Note that this message appears for standard Windows operating systems.
Sign out of the active user session on the host machine.
Error: Active user session. Unable to sign in because the host machine has an active session for the OS user account you're using to sign in. Sign out from the user's active session and try again. Appian tried to sign in to the virtual machine, but there is already an active user session for the user account you're using to sign in.

Note that this message appears for Windows Server operating systems.
Sign out of your active user session on the host machine.
Error with automatic sign-in. Unable to sign in because of an issue with Remote Desktop. Review the Remote Desktop settings and try again. Appian tried to sign in to the virtual machine, but was unable for an unknown reason. Verify that the RDP settings on the host machine match the configurations listed above.
Error with automatic sign-in. Unable to sign in because Remote Desktop didn't respond. Verify that the sign-in service is running on the host machine and try again. Appian tried to sign in, but the sign-in service didn't respond in time. It might be that the sign-in service isn't running on the host machine. Confirm that the sign-in service is running on the host machine.
Error: Interactive logon message. Unable to sign in because the host machine has an interactive logon screen. Enable the Skip interactive logon message option on the Robot Details page and try again. Appian tried to sign in, but the host machine has an interactive logon message. The robot wasn't configured to allow Appian to skip the interactive logon message. Edit the robot details to allow Appian to skip the interactive logon message.

Manage connection

Download the installer

For a robot to test, record, or execute robotic tasks, you need to install and launch the agent on the host machine. The agent enables the robot to communicate with Appian, so it's an essential part of the setup process.

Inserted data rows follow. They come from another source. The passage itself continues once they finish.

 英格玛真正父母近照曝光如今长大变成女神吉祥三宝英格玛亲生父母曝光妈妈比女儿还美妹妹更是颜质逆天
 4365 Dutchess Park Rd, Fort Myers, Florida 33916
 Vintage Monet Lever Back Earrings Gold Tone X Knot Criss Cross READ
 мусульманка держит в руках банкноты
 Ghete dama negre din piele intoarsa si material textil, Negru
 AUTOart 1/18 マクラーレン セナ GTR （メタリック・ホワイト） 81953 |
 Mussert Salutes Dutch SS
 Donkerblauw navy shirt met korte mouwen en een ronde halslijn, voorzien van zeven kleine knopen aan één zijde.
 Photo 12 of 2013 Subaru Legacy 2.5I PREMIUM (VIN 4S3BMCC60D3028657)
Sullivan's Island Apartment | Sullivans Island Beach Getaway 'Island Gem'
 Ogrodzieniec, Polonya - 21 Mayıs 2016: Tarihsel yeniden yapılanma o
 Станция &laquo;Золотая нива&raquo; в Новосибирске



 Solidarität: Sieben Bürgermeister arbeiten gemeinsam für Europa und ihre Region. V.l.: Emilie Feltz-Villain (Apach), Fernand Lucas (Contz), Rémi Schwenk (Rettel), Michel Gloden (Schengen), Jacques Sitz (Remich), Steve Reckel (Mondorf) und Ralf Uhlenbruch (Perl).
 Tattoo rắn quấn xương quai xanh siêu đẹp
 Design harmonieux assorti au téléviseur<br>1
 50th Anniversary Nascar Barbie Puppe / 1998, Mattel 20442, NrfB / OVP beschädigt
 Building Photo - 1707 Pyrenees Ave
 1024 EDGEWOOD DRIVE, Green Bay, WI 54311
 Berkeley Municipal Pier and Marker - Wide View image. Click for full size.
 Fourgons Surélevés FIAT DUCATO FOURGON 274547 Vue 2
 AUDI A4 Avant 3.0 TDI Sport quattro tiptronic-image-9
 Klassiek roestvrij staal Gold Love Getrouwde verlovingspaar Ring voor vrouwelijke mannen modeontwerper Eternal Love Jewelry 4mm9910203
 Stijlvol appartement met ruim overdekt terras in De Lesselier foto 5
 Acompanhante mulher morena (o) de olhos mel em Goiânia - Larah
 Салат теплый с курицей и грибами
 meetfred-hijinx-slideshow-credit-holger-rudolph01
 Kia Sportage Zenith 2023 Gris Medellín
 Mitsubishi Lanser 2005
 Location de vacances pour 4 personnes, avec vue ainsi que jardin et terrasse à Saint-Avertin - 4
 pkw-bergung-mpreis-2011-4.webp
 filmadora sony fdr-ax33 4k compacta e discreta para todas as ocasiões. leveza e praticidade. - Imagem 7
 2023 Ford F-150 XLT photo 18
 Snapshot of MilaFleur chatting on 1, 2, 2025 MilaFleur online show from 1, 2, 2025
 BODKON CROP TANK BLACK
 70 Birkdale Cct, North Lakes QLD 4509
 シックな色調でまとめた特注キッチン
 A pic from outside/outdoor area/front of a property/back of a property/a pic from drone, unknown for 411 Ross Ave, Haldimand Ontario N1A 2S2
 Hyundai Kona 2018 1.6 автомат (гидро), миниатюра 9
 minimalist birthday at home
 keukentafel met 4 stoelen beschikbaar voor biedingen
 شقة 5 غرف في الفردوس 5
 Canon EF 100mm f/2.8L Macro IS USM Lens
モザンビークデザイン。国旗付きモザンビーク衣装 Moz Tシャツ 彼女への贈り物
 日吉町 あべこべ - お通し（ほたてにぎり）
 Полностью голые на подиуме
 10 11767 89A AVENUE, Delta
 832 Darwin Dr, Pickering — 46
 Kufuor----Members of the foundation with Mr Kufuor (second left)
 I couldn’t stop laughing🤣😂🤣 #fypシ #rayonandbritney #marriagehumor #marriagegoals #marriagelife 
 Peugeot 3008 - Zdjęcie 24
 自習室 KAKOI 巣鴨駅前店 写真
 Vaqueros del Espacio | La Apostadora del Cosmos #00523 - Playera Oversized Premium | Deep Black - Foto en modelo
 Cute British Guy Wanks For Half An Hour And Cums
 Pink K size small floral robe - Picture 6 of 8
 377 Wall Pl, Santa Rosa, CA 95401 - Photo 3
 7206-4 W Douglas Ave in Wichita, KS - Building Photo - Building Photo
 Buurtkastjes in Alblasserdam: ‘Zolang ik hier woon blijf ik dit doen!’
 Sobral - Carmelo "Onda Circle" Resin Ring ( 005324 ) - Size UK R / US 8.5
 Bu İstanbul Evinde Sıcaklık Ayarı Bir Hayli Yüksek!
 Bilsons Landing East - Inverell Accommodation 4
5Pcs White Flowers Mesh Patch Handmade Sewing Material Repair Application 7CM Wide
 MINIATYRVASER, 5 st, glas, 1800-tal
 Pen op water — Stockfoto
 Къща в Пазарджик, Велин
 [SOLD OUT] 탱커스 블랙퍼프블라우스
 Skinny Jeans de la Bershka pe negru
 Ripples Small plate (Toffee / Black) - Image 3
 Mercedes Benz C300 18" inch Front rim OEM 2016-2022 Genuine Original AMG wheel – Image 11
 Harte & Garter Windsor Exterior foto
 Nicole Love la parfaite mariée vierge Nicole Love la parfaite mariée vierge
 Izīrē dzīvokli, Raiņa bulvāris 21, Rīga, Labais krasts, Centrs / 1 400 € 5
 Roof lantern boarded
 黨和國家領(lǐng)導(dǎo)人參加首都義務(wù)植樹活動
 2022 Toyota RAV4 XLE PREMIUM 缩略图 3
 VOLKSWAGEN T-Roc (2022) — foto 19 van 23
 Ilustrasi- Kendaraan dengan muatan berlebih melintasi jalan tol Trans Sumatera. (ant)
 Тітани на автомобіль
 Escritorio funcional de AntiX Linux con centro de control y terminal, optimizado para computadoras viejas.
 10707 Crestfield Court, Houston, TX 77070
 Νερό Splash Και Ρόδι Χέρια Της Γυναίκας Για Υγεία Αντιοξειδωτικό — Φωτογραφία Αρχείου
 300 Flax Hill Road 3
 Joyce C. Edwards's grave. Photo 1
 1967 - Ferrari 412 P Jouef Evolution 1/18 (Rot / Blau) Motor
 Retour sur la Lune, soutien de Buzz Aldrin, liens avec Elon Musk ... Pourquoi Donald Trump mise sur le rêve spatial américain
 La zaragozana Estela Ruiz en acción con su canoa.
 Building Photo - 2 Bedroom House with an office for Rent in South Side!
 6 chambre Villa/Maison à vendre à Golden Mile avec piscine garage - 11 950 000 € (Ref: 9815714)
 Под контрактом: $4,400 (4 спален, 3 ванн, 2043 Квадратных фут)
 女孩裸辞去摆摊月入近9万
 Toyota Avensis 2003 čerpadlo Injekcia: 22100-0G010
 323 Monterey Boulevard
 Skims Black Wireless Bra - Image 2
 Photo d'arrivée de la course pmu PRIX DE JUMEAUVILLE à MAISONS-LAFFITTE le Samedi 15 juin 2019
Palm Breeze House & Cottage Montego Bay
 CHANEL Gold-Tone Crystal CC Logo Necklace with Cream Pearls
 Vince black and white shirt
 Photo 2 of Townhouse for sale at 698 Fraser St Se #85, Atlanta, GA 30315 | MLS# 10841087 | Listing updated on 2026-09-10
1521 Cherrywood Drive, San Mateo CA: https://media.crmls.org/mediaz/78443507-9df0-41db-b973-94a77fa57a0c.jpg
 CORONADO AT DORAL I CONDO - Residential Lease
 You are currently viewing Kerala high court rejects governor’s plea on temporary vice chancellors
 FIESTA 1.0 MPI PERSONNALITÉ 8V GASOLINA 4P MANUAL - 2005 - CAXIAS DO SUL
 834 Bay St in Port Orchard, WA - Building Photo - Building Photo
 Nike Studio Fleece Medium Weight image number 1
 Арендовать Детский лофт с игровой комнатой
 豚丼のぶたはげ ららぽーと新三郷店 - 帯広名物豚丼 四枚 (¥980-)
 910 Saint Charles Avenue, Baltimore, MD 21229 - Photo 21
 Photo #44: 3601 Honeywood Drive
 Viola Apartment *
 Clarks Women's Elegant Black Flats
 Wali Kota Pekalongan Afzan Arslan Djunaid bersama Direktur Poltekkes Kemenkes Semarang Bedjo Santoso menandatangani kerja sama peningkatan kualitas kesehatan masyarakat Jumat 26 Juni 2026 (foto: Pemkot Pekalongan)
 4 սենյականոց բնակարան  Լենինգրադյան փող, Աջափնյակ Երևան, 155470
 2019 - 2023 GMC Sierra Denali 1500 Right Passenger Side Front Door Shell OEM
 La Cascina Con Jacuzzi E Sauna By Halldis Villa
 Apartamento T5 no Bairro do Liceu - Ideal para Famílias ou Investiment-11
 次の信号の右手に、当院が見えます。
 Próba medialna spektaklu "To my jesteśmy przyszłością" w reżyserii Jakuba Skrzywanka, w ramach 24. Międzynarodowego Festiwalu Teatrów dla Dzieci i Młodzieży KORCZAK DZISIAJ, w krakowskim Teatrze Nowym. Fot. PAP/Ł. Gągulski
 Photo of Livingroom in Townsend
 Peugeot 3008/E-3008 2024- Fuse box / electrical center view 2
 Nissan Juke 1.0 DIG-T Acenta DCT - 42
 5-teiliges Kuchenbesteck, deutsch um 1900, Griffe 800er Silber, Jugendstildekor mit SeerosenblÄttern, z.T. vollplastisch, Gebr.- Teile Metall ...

You can download the installer when you create the robot. Or, you can download the installer at a later time through the MANAGE CONNECTION menu. Launch the guided installer to complete robot setup.

Robot keys

Required role: Administrator

Automating the installation of agents and the auto-login service on your host machines, especially on virtual machines that frequently terminate, can be a tedious process. Robot keys streamline this process. Robot keys encapsulate a robot's unique identity in a single credential that can be incorporated into your custom scripts. This not only facilitates the seamless automation of agent installations but also enables auto-login services on Windows OS.

You can store robot keys in your own secure credentials manager. Appian RPA ensures your security by automatically rotating your robot keys each time an agent connects and authenticates. This seamless process keeps your interactions secure without any extra effort on your part. However, for added flexibility, Appian RPA lets you manually update your robot keys at your convenience, offering you tailored control to meet specific security needs or preferences.

Robot key script setup

Setting up your robot key script is an essential step for preparing your system. You need to place a script in the same directory where your configuration file is located. When needed, the RPA agent or the auto-login service executes your script. The robot key should be the last line in the output of the script. An agent or auto-login service can then use this key to authenticate itself with Appian RPA.

If the OS is… Then name the file… Location
Windows getRobotKey.bat During the installation process, the software is automatically installed in a folder named "Appian RPA," located in the user's Local App Data folder. If you need to locate this folder, you can open a command prompt window in the user's session and enter the command echo %LOCALAPPDATA%.
Mac or Linux You created this folder on the host machine to store the file when you set up the robot.



Manual robot key rotation

Appian RPA automatically keeps your robot keys up-to-date for your security. If you need a more hands-on approach, follow these steps to enable manual robot key rotation.

  1. In the Appian RPA console, go to the Settings tab.
  2. In the Configuration tab, go to Security policies.
  3. Mark the Enable manual robot key rotation checkbox.
    robot keys
  4. Click Save security policies.
  5. Redownload your robots to apply the change.

Rotate a robot key

If you have manual robot key rotation enabled, you need to periodically refresh your robot keys to you ensure that the security and integrity of your robots and systems are maintained.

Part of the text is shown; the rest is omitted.